Posted by Craig Ranapia : 8/30/2006 02:39:00 PM

"Parliament being a law unto itself is among the fundamental principles of our democratic system."

Equally fundamental is a robust democratic response of annoyance and anger from the public when parliament gets out of line.

That'd be us.

Posted by Icehawk : 8/30/2006 03:10:00 PM

Craig, hard to believe, but I am with you on this. They act like utter children (actually, my kids act better than that and they are toddlers) and their inability to see that they have contributed to their losing the respect of the voters is laughable. Another example of MPs making the rules flexible enough to have their cake & eat it.
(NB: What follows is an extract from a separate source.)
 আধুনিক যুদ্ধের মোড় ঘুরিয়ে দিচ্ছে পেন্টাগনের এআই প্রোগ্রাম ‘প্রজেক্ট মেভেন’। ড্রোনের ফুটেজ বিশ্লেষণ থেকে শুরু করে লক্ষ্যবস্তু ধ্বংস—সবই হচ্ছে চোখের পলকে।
Posted by PabloR : 8/30/2006 05:36:00 PM

Aren't you blaming the wrong person? Shouldn't the issue be with the Privileges Cttee who writes the rules, not the Speaker who has to enforce all the rules, without fear or favour and not to pander to the populist approach?

Posted by Jordan : 8/31/2006 12:31:00 AM

This comment has been removed by a blog administrator. Posted by Craig Ranapia : 8/31/2006 08:45:00 AM

Jordan:

Up to a point, but I'd also note that the Speaker also has very wide discrection how she (or he) enforces those rules and the penalties handed down for transgressions. That's why I've tried to make a clear distinction: Historically, we've had Speakers who've been snarling martinets and others who were human doormats. Now, you can respectably argue that a good Speaker must find a happy medium between those two extremes for themselves, and that strictly perscriptive standing orders cause more problems than they solve.

My counter-argument is that no competent Speaker can allow the perception (fair or not) to exist that any standing order is applied inconsistently or on a whim. Just as all MPs have a responsibility not to encourage the perception that all politicians are blathering hypocrites who preach one standard of conduct to the hoi polloi, but apply quite another to themselves and their mates when it's convenient to do so.